A l’occasion du centenaire de la naissance de Simone de Beauvoir, Arte rediffuse ce soir Les Amants du Flore, une fiction sur la relation singulière qu’entretenaient Jean-Paul Sartre et la romancière.  Si Lorant Deutsch cabotine un peu trop, Anna Mouglalis campe, quant à elle, une Simone de Beauvoir très crédible. Rencontre avec une comédienne touche-à-tout.  

C’est votre premier rôle à la télévision. Comment êtes-vous arrivée sur ce projet ?
Au départ, j’avais refusé de le faire. Je trouve que les téléfilms sont souvent ratés car, à la télévision, on tourne trop vite et au détriment du jeu de l’acteur. Ce n’est qu’après avoir lu le scénario que j’ai changé d’avis.

Vous connaissiez bien Simone de Beauvoir avant ?
Non, je la connaissais mal. Surtout la période de sa jeunesse abordée dans Les Amants du Flore. J’ai appris énormément de choses sur elle. Je ne savais pas qu’elle aimait beaucoup plaire ou qu’elle était provocatrice, par exemple. On a trop souvent l’image d’elle vers 50 ans, celle d’une femme  dure. Pour moi c’était une femme admirable qui avait le désir d’être libre.

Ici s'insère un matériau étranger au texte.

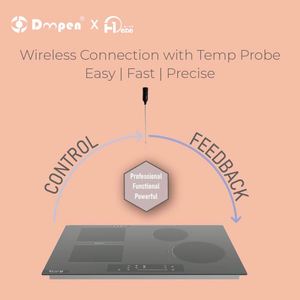 Table de cuisson à induction intégrée avec télécommande WiFi 30 pouces 4 brûleurs - Product Image 3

Comment vous êtes-vous préparée pour le rôle ?
Beauvoir, c’était la reine de l’autofiction.  Elle s’est racontée telle qu’elle voulait qu’on se la représente. Je n’ai donc pas lu de biographie pour le rôle, mais je me suis inspirée de ses écrits pour lui être fidèle.  

Comment avez-vous travaillé avec Lorant Deutsch ?
On était très enthousiaste. Le plus important était que le scénario soit intéressant, même s’il s’agissait d’un autre couple. Pour ma part, je n’étais pas impressionnée de jouer un personnage qui a existé. Je l’ai pris comme un rôle. Simplement.  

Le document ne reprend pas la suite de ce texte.